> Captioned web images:
BEGIN

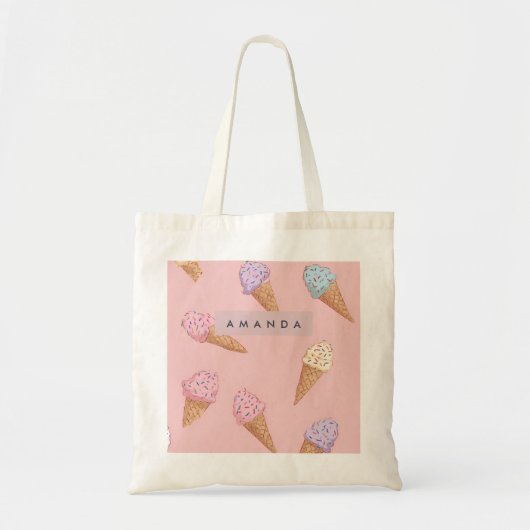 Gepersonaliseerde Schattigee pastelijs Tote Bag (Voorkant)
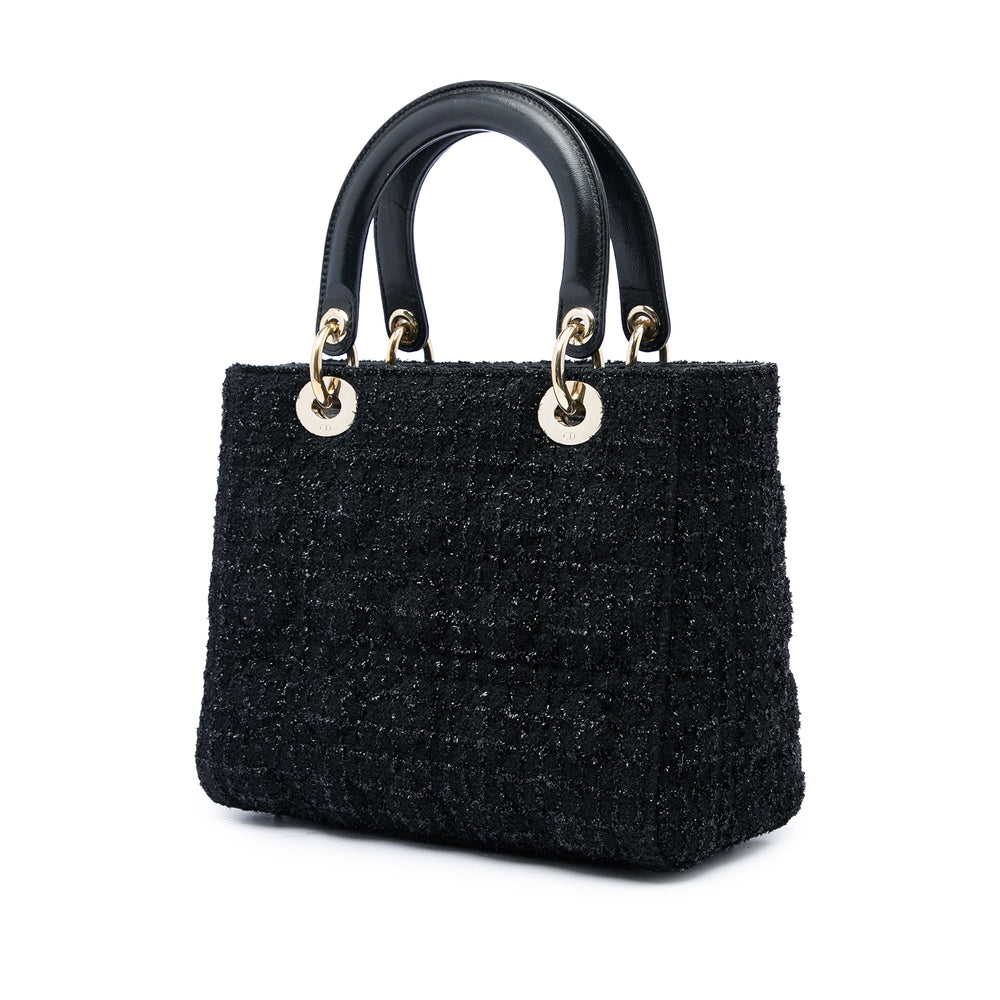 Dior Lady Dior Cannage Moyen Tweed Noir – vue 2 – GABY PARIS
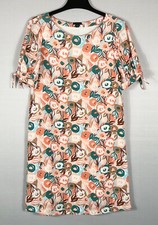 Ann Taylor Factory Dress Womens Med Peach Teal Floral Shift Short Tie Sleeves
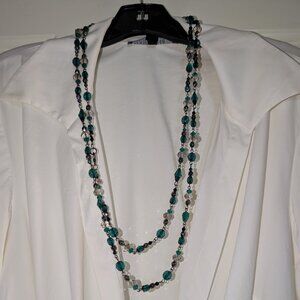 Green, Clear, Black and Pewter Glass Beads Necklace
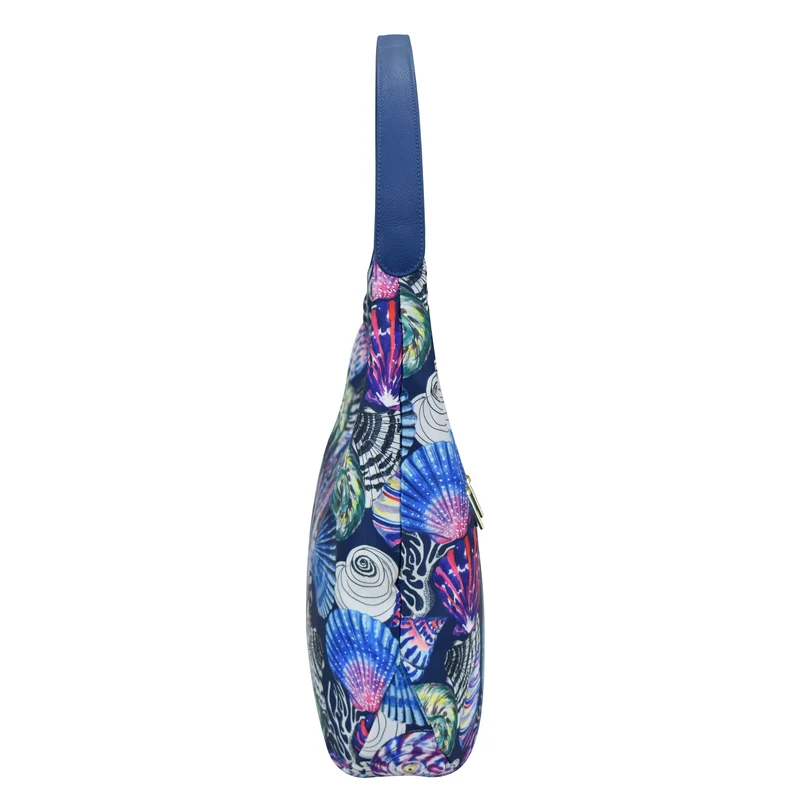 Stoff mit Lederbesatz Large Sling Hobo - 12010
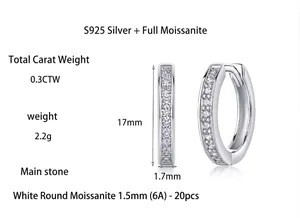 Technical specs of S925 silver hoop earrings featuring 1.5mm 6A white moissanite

END

> INSTRUCTIONS FOR THE TASK:
Should the entries hold any pictures, please omit those and print the remaining text exactly.

> TASK RESULT:
 Gepersonaliseerde Schattigee pastelijs Tote Bag (Voorkant)
 Dior Lady Dior Cannage Moyen Tweed Noir – vue 2 – GABY PARIS
 Ann Taylor Factory Dress Womens Med Peach Teal Floral Shift Short Tie Sleeves
 Green, Clear, Black and Pewter Glass Beads Necklace
 Stoff mit Lederbesatz Large Sling Hobo - 12010
 Technical specs of S925 silver hoop earrings featuring 1.5mm 6A white moissanite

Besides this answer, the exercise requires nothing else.